## WORK ORDER
Gather up every line from the entries below that uses the word "Rustic".

## EXTRACTED INFORMATION
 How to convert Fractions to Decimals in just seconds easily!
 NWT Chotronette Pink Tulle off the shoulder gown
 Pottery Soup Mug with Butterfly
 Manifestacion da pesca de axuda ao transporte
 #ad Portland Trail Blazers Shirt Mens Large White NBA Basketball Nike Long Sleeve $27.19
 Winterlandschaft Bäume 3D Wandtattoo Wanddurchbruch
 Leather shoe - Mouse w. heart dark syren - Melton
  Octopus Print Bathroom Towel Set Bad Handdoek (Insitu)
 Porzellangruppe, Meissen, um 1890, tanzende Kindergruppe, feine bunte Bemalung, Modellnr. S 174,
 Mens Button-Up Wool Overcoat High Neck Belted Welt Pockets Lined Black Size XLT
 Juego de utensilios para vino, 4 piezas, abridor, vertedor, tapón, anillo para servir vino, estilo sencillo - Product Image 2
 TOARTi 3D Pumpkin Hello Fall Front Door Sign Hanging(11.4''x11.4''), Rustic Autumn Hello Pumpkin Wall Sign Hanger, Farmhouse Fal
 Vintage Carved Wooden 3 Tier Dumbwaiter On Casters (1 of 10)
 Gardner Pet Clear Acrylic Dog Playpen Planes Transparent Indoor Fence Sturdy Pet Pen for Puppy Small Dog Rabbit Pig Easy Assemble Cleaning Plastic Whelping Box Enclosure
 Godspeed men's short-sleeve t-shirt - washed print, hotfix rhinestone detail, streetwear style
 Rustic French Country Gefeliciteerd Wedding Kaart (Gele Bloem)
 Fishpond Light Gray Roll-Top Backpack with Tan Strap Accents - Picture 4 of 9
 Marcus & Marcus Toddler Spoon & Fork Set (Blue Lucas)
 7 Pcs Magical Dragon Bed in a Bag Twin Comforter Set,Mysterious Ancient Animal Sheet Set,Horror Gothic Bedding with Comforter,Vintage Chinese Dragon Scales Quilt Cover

## TASK ANSWER
 TOARTi 3D Pumpkin Hello Fall Front Door Sign Hanging(11.4''x11.4''), Rustic Autumn Hello Pumpkin Wall Sign Hanger, Farmhouse Fal
 Rustic French Country Gefeliciteerd Wedding Kaart (Gele Bloem)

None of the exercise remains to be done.